Se eu fosse um
australiano
Péricles Capanema
Barafunda. Austrália, Estados Unidos, França e Inglaterra estão em
um tremendo forrobodó diplomático. Não sou australiano, nem cidadão de qualquer
dos países acima mencionados, em princípio nada tenho a ver com a embrulhada
entre eles. Só em princípio. Na prática, tenho e muito; todo mundo tem. Veremos
abaixo, é questão de vida e morte para cada um, assunto de repercussão mundial.
Assim, ainda que não me veja diretamente envolvido, embora não seja “apenas um
pobre homem da Póvoa de Varzim” e seja à vera
apenas um pobre homem de Pará de Minas, o tema me interessa muito, como deve
chamar a atenção de todos os pobres homens da Terra.
Contrato do século. Adiante. Contas feitas, os
maiores e mais próximos interessados no caso são os australianos. Estão certos?
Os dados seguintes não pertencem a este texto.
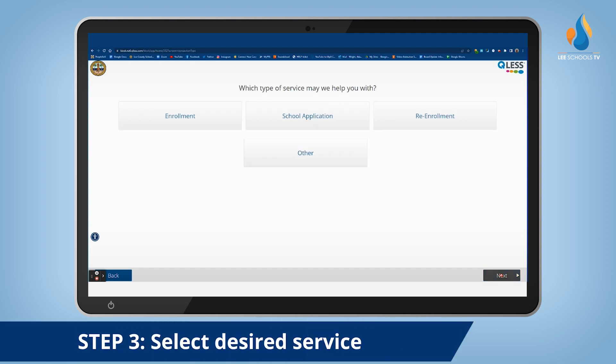Next you'll be prompted to select the desired service from the list: enrollment, school application, re-enrollment, or other.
Agiram bem? Se eu fosse um australiano, o que estaria pensando? Vamos aos
fatos. Em 2016, o governo da
Austrália contratou na França a construção de doze submarinos diesel-elétricos,
contrato na ocasião de mais de 40 bilhões de dólares. Os custos andaram subindo
muito, já há gente que fala em negócio de 70 bilhões de dólares, ate mais. De
fato, não é possível planejar com segurança o custo da construção de 12
submarinos, manutenção, adaptação de portos, fornecimento de peças ao longo de
décadas. Na França, era comum a qualificação de “contrato do século”,
“casamento de 50 anos”. Era também aliança estratégica; a França tem cerca de
dois milhões de cidadão na região indo-pacífico. De repente, quando menos se
esperava ....
Contrato cancelado. Em 15 de setembro passado a Austrália
anunciou que havia rompido o contrato com os franceses e concluído uma aliança
estratégica com os Estados Unidos e a Inglaterra para a construção de
submarinos com propulsão nuclear. Pela primeira vez os Estados Unidos irão
compartilhar sua tecnologia de propulsão nuclear com um país que não seja a
Inglaterra. Até aqui, uma parte da realidade.
Nova aliança na região
indo-pacífico. Na
verdade, o que aconteceu foi enormemente mais amplo. Estados Unidos, Inglaterra
e Austrália anunciaram ao mesmo tempo a constituição de uma aliança estratégica
de segurança e defesa (AUKUS alliance ou AUKUS partnership – em tradução livre,
aliança ou parceria da Austrália, Reino Unido e Estados Unidos) com efeitos ao
longo dos próximos anos e até décadas à frente, cujo adversário, óbvio, é a
China Comunista. Congruentemente, a China reagiu furiosa com o anúncio de tal
aliança ▬ “mentalidade anacrônica de guerra fria” e ameaçou os australianos
“que se preparem para o pior”, dando a entender, de início, seriam retaliações
de ordem comercial. O Japão manifestou seu contentamento. Stephen Lovegrave,
conselheiro para a Segurança Nacional do governo inglês, comentou que a aliança
é o “mais significativo acordo de colaboração das últimas seis décadas”. Biden
enfatizou a necessidade de manter “a região indo-pacífico livre e aberta”. Em
24 de setembro, o Presidente norte-americano coordenará reunião inicial do Quad
– bloco que envolve, além do Japão, Estados Unidos, Austrália e Índia. O
primeiro efeito prático de tal aliança será a construção para a Austrália pelos
Estados Unidos e Inglaterra de submarinos mais potentes, menos detectáveis pelo
inimigo, com maior capacidade de destruição por causas do armamento mais letal
e moderno que carregarão, fornecido pelos Estados Unidos. Logicamente, o
contrato com a França deixou de ter sentido; foi cancelado. Claro, haverá
perdas e danos, multas e muita coisa mais. Mas os submarinos novos da Austrália
serão construídos nos Estados Unidos e na Inglaterra. A movimentação
diplomática em curso tem potencialidades para a constituição de organismo
semelhante à NATO na região indo-pacífico.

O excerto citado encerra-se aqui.